“Simplicity is the ultimate form of sophistication.” – Leonardo da Vinci
Gili Lankanfushi seems like is as designed by da Vinci. A Maldivian masterpiece with artistic flair and clever creativity, but at its core a pervading since of simplicity. That quality is what draws so many people to the Maldives and back again in the first place. A week or more of the simple island life. A plot of sand and a palm tree. What more do you need?
And it all starts with no shoes. I mean, it literally all starts with no shoes. When the speed boat transfer welcomes you on board with its fresh juice in simple bottle, the very second briefing they do (after safety) is the ‘no shoes’ ritual. One of the great charms of the Maldives is the extent to which you can just go barefoot everywhere. The soft sand is not solely the domain of the turquoise seashore, but invades the reception, dining areas and pretty much every nook and cranny of the best resorts like Gili. On most of my Maldivian holidays, we take our shoes off when we get shown to our villa and we don’t retrieve them until it is time to check out.
Gili delightfully ritualises this ethos by inviting guests to remove their shoes immediately right on the transfer boat. (see above) The boat captain explains the ‘No news, no shoes’ ambience of the resort and hands out special little canvas bags for you to put your shoes in (so the staff can take you shoes to your room with your luggage). It has all warm and inviting grace of an Asian home. I always feel a bit more intimately welcomed in a home where you are encouraged to take your shoes off. I don’t wear shoes around my own house, and when I take them off in someone else’s, it’s like I’m at home myself. It is a smart move by Gili because no matter how obvious it seems to walk around shoeless, the practice so extreme in Maldive resorts and a fair degree uncommon in posh resorts around the world, that we see many people not really getting the hang of it until well into their stay by which time they’ve lost a few days of barefoot bliss.

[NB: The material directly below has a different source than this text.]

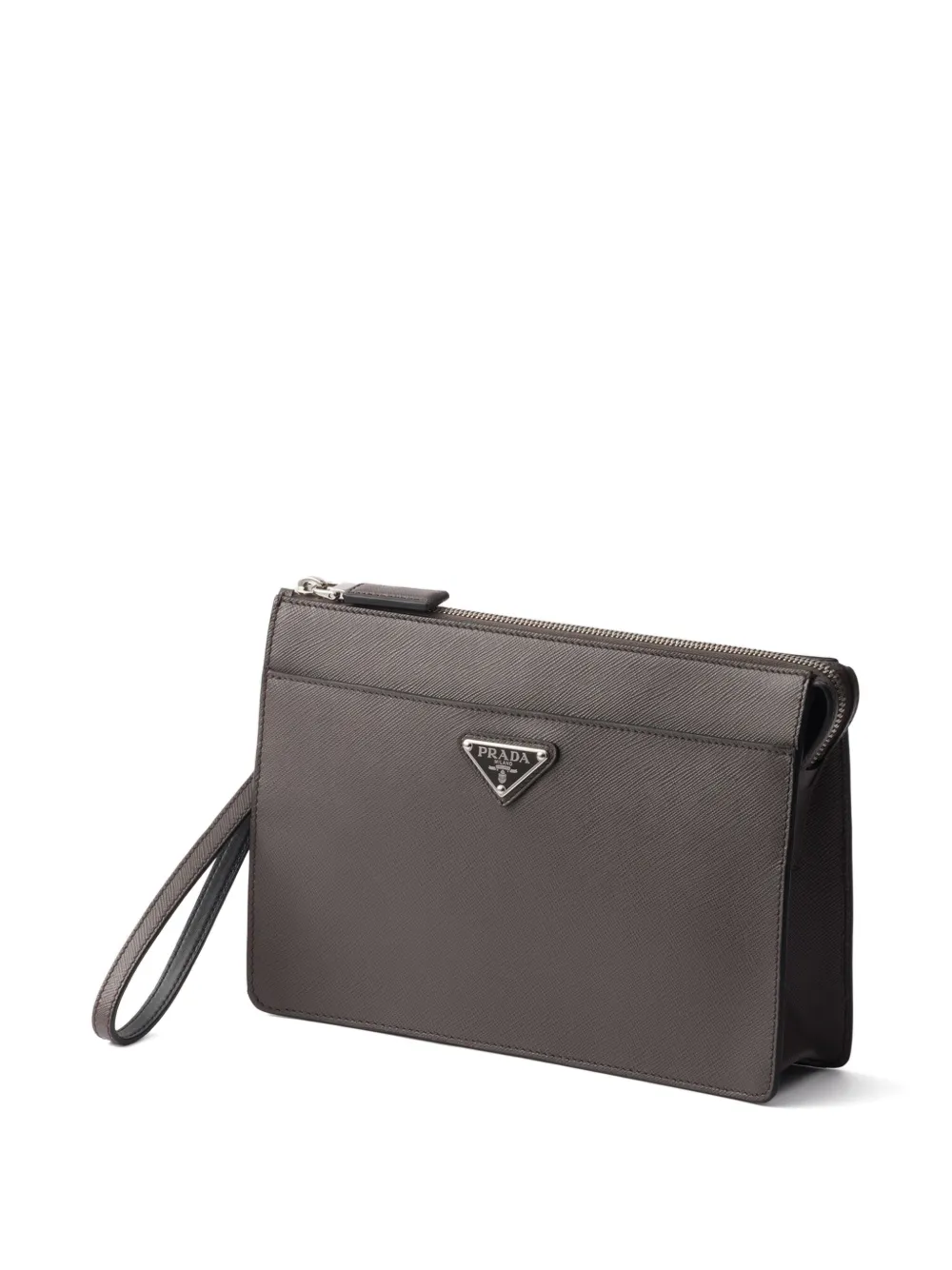 Prada Clutch met reliëf Grijs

I was intrigued to compare Gili with Mirihi which is a resort renowned for its simplicity as well and which I coincidentally also visited this tour. They are both stunning resorts made more so by this emphasis on no-nonsense naturalness. Curiously, they go about it from completely different directions. Gili is a big resort that simplifies by eschewing the little things; Mirihi is a little resort that simplifies by eschewing the big things. Mirihi has elected to avoid major items in their resort concept – TVs, pool, tennis courts. Gili simplifies by stripping away the little frills and trimmings. One of their big little touches is that they don’t garnish their drinks. No lemon slices stuck on ther side of the glass, no maraschino cherries with toothpicks in them, no little colourful parasols. All of the resort’s design reflects this approach of clean, straightforward, unadorned simplicity.
The aesthetic cousin to simplicity is nature. And nature is just as fundamental to everything at Gili. The striking seating made of tree root (see below) are found everywhere. I was regularly struck by the innovative ways in which they were able to incorporate a natural approach. They have air conditioning in the bedrooms of their villas, but otherwise all other areas (bathroom, lounge) are all refreshed naturally in the open air (which works well since all of Gili’s villas are over water). Even the coat hangers in the closets are made from sticks and coconut hemp rope.
The ‘No Shoes’ custom is just the tip of the thila to a deep and colourful simplicity that permeates Gili Lankanfushi. This simplicity is the heart of their concept and is reflected in every little detail. I won’t go into to many details here because I want to write about several as their own ‘Best of the Maldives’ features in the future
Gili Lankanfushi exemplifies simple rustic elegance.